Groups in RegEx match

Most common RegEx usage is finding a text when it's surrounded by specific content. For example how to find a green fruit in this sentence: yellow banana, green avocado, red rambutan If we use parentheses to mark piece of the pattern green (\w+) we will get an additional match inside RegEx match: yellow banana, green avocado, red rambutan Try it yourself That is called a group and we can access it by number or name.

In the above example we have just one group - group no. 1. Keep in mind that groups numbering proceeds from left side of the pattern and counts opening parentheses. E.g. pattern (^(\w+) (\w+)) will have the group no. 2 and 3 included in the group no. 1, the biggest one.

To access the group value we can use the group() or groups() function. As you can see those names are quite misfortune. So similar. And the functionality is also very similar - misleading. Keep in mind that group(0) and group() (without arguments) will return the whole match, not a group written in parentheses... Actually the group is the main function returning the whole match! So bad name. Unfortunately the name match is already taken.

We can access the group value also during a matching process.

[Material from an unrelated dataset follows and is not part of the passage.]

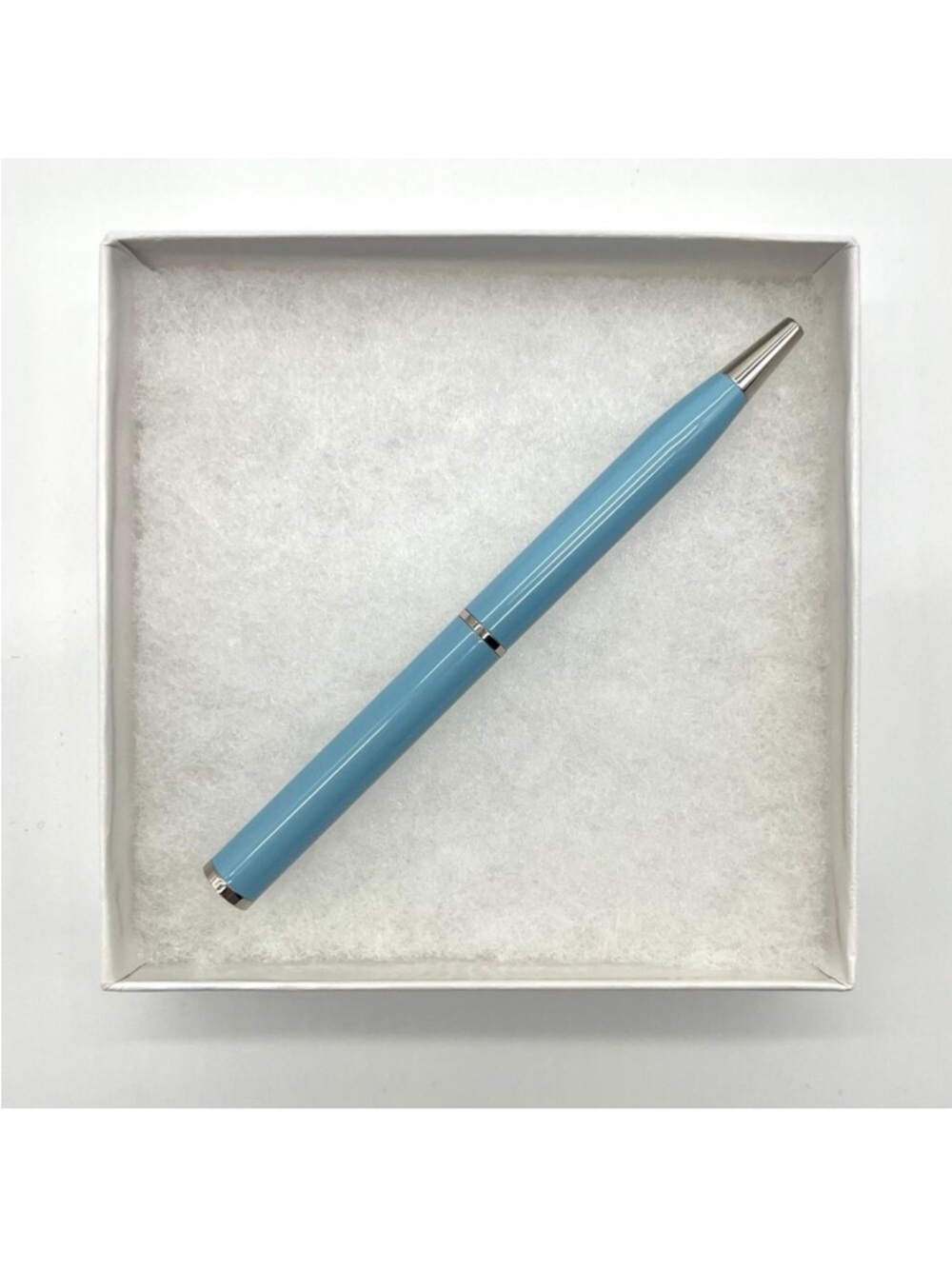 Coach Light Blue Lacquer Twist Ballpoint Pen with Silver Trim NWOT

By using a number preceded by the escape like here (["']).*\1, we can access a group and in this example find enclosed quotes: old "oranges", smelly 'dragon fruit' Try it yourself That is the only kind of RegEx memory we can use for a match. So don't expect too much, RegEx is not a programming language. Even it looks so complicated.

If a group matches more than one time in the string, e.g. (\w+berry\W*)+ here: strawberry, blueberry, roseberry Try it yourself only the last group value is accessible. To access every instance of it, we need to use the finditer() or findall() function.